-- Input data follows --

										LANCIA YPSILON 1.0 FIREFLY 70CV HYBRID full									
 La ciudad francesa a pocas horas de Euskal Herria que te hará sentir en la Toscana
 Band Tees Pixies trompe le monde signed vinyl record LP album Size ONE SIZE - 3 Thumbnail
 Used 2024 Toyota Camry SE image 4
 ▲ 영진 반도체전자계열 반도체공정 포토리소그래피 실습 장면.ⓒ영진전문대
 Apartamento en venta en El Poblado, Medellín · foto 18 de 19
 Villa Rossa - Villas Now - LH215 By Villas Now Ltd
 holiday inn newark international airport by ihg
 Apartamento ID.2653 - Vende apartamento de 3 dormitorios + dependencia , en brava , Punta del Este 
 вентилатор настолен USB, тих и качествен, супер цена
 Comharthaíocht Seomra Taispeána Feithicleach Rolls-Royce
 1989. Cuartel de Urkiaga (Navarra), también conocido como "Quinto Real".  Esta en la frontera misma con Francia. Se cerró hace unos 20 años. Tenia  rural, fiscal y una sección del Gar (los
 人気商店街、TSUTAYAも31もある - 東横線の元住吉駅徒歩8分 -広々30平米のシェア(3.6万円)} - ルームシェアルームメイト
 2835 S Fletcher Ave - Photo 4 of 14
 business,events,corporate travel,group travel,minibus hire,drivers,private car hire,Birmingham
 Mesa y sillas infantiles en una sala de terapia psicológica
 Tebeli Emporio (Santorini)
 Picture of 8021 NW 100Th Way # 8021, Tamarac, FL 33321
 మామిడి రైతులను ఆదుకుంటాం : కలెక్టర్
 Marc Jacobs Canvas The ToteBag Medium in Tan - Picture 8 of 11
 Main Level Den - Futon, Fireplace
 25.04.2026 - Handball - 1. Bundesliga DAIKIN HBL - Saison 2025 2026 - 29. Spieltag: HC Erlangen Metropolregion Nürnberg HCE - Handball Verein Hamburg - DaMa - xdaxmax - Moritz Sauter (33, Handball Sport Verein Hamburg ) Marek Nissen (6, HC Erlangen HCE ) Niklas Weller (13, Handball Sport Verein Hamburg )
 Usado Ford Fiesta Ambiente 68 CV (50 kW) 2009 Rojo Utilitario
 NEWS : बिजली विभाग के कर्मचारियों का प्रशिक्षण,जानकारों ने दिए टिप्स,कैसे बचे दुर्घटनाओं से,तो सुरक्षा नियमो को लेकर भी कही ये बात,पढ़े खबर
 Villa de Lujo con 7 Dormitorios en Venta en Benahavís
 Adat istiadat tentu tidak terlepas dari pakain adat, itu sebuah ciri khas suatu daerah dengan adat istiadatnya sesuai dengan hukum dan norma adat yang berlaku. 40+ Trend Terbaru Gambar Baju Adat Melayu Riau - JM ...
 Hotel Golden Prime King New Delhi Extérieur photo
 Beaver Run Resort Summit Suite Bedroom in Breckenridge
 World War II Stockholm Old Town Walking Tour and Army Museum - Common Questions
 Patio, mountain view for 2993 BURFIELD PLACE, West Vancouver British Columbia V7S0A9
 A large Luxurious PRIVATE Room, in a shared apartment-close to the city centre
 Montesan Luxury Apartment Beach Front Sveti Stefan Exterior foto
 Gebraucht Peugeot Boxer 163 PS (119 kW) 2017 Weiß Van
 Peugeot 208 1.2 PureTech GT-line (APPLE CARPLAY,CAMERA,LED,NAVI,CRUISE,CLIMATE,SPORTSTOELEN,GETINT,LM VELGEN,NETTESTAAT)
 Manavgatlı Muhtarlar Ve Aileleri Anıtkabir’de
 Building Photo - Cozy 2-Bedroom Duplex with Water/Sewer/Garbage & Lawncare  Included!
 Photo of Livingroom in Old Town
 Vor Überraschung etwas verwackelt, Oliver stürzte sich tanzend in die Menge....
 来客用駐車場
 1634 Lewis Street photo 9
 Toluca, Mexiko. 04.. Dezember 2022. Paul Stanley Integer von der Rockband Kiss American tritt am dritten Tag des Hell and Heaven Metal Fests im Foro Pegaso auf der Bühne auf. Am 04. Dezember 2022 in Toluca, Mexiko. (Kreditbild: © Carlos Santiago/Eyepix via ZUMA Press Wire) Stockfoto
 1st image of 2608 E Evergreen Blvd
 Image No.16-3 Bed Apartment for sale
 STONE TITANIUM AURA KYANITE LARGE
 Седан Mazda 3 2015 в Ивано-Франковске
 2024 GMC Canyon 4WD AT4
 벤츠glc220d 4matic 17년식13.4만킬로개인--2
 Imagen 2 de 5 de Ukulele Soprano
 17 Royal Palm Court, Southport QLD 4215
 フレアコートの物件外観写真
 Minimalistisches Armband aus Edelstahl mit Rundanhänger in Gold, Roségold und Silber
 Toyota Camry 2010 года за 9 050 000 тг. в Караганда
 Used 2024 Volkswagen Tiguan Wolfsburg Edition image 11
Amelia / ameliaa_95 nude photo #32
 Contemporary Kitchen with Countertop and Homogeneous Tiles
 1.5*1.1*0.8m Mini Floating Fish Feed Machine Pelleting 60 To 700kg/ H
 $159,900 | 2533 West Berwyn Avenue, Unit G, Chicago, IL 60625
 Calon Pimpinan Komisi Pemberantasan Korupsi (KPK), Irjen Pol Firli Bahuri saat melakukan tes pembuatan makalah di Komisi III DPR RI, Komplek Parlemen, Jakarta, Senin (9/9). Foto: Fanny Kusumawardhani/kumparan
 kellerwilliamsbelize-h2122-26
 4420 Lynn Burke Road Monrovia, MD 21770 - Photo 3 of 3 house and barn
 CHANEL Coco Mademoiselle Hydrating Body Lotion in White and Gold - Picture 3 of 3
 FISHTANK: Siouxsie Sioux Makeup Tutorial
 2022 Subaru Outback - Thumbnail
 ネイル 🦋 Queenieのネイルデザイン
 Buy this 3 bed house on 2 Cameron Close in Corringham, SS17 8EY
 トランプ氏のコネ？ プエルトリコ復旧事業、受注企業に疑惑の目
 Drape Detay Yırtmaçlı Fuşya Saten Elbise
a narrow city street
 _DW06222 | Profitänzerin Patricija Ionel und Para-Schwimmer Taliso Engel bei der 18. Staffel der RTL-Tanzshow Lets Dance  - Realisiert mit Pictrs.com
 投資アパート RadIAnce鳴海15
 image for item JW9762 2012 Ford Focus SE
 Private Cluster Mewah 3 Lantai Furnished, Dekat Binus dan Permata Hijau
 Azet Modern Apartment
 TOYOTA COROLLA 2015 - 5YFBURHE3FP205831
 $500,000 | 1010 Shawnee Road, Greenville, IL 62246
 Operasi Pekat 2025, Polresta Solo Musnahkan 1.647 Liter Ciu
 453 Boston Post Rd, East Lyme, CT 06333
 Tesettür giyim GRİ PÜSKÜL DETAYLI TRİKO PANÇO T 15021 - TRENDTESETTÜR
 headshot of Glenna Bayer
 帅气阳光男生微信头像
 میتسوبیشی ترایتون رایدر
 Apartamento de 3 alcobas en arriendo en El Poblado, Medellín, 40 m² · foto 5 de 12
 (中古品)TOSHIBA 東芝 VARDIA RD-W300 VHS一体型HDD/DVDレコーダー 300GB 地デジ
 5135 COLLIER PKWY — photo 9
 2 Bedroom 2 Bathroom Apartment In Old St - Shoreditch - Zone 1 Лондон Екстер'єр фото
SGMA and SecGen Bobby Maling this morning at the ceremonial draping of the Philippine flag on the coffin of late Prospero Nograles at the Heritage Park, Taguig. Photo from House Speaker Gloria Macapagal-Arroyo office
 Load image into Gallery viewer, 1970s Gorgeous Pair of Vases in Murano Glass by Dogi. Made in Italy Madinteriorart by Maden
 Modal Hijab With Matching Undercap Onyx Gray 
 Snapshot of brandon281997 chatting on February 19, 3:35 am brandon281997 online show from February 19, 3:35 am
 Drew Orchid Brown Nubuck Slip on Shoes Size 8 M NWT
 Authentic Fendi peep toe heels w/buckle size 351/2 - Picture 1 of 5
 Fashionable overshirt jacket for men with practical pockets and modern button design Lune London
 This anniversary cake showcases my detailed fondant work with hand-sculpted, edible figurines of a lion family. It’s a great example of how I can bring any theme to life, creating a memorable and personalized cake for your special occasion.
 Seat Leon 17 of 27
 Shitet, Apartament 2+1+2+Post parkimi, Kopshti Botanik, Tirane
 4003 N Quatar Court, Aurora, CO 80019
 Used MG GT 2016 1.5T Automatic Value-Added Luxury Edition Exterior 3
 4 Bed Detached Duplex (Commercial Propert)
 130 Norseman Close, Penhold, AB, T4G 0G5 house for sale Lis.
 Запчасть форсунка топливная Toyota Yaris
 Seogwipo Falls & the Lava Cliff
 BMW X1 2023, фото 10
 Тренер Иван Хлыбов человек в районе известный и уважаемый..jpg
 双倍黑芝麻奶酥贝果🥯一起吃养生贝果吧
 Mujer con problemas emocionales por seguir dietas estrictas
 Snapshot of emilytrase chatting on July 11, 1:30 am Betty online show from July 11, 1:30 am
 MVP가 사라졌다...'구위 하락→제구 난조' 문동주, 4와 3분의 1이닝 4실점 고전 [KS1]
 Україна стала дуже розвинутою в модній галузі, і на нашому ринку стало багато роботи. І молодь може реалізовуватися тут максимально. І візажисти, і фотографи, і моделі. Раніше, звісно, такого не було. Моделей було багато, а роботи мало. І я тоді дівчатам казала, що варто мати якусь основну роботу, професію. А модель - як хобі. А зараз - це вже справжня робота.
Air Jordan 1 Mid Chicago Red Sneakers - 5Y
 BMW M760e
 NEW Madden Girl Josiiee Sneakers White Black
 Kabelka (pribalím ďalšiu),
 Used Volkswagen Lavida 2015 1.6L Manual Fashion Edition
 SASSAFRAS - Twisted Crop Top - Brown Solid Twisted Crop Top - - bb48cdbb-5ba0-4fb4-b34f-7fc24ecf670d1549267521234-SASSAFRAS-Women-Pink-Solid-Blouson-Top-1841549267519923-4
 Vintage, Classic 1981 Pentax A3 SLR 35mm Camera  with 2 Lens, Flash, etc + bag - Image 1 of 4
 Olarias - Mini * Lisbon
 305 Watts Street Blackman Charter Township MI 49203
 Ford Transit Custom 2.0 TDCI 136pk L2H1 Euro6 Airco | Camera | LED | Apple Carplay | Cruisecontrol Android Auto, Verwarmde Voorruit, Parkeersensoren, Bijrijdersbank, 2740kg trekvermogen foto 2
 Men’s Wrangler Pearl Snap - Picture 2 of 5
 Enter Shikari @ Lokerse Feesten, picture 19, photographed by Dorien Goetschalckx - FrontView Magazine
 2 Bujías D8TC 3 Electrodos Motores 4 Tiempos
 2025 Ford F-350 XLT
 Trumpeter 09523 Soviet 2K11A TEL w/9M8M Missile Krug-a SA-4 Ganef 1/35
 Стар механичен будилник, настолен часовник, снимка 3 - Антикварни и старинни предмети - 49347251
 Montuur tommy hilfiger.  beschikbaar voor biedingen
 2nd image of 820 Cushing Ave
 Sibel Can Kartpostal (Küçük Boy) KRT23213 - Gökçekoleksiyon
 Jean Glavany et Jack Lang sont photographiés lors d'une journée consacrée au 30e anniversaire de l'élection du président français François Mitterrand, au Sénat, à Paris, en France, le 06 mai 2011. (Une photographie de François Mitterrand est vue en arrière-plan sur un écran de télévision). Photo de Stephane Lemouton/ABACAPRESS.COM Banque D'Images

-- Input data concluded --

● **Exercise objective**:
Go through the data above from its first line and copy each line exactly, stopping once the line with "Used 2024 Toyota Camry SE image 4" has been copied.

● **Exercise response**:
										LANCIA YPSILON 1.0 FIREFLY 70CV HYBRID full									
 La ciudad francesa a pocas horas de Euskal Herria que te hará sentir en la Toscana
 Band Tees Pixies trompe le monde signed vinyl record LP album Size ONE SIZE - 3 Thumbnail
 Used 2024 Toyota Camry SE image 4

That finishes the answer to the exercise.